"Our livelihoods are now in jeopardy': Downtown businesses band together, demand action from city following floods
Downtown Davenport businesses impacted by the floods of ’19 say they are under pressure and the damage goes beyond just their properties. The devastation from the temporary barrier breach in April could result in businesses being forced to close.
“It has been one of the rougher years of my life,” Roam owner Dylan Steil said. “We are up in the air right now. We don’t know what the future holds.”
Steil, whose establishment opened just months before the barrier broke, told TV6 that he is unsure if downtown Davenport will be his future home. While cleanup is underway at Roam, he says he is lacking support from the city of Davenport.
"We are not here to grip or ask for pitty,” Steil said. “We are not asking for reparations. We are looking for solutions moving forward."
Steil is one of nearly three dozen people to form the Downtown Davenport Business Coalition. The group wants to make sure if they continue to invest in downtown that the city is invested in them.
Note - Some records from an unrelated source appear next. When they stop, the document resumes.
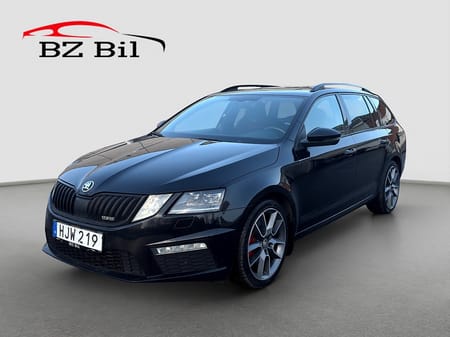 Škoda Octavia Kombi Skoda RS 2.0 TDI 4x4 Premium Värmare Drag  B-Kamera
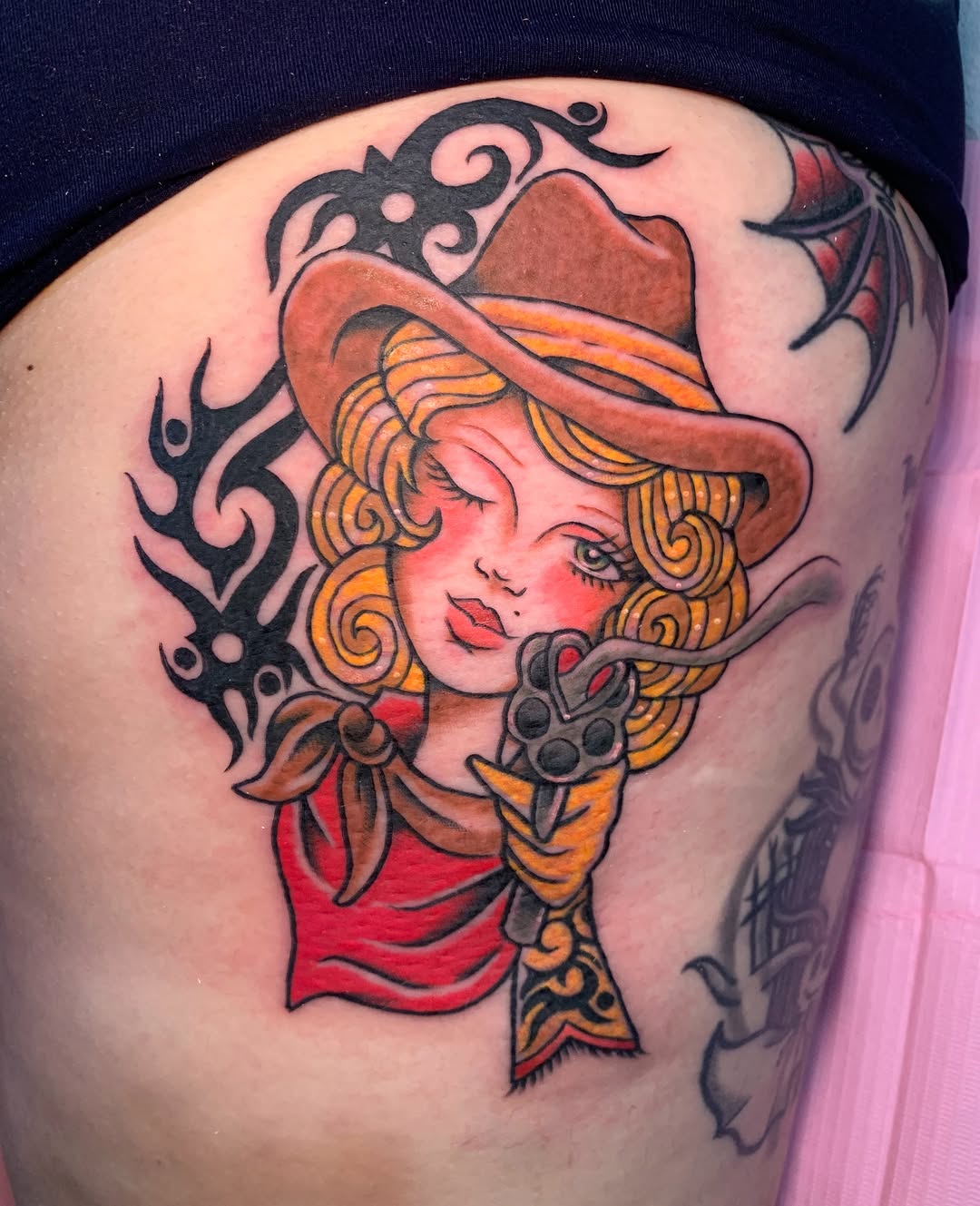 Tattoo by @manicpixxie — american_traditional, new_school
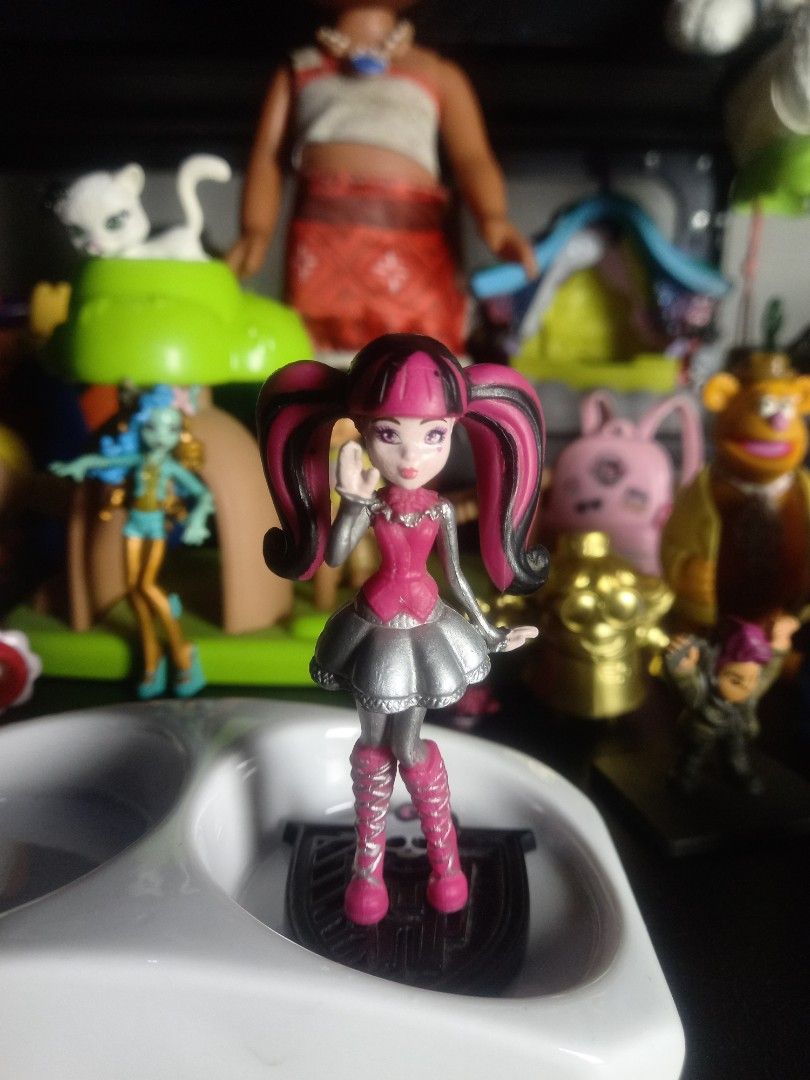 Monster High Draculaura (read✨️) Doll with Stand (Category: Figurines & Statues) located in Las Pinas. Submitted by EkonomikaPH (Listing ID 1443868874, Image 1). Description: 💜derechong SUBMIT ng price sa "make offer" tab para maka focus sa DECISIVE BUYERS💜 350 each Lock /Grab /Steal allowed P50 increment What You See Is What You Get Manage expectations Appearance may vary depending on phone type, settings, lighting, etc. ALL photos posted.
"We are looking for solutions at this point,” coalition organizer and downtown business owner Dan Bush said. “There are a lot of business owners who were directly impacted by the flood who are reconsidering building so we need a flood plan in place this summer to understand what is protection and how."
The frustration for Bush and Steil stems from a letter written by Davenport City Administrator Corri Spiegal. In the letter, Spiegal said the temporary flood wall that failed was not designed specifically to protect businesses. Since then, affected businesses say the city has stonewalled them.
"We felt like we needed to get together to create a unified voice for ourselves,” Bush said.
TV6 anchor and reporter Chris Carter asked Spiegal for an on-camera interview, but she declined, instead providing Carter a statement.
"Causing frustration to business owners already impacted by a record-setting and devastating flood was not my, or the City's, intent by sharing the information included in the letter,” Speigal wrote in part in the letter. When asked if she stood by the letter Speigal said the letter is factually accurate.
“That said, hindsight is 20/20 and I could've approached the same content with a different word choice and/or tone,” she wrote.
In its three page letter to the city, the Coalition asks the city for four things including the city providing “written assurance that flood protection is intended to protect both public and private assests.”
"We are dedicated to bringing back downtown and something like this was a setup and we felt like it was an opportunity to have our voice heard,” Bush said.
The Coalition is also asking the city to include two representatives from the coalition on this newly created task force.
The Coalition said it has heard back from the city and are hoping to meet with Spiegal on Friday.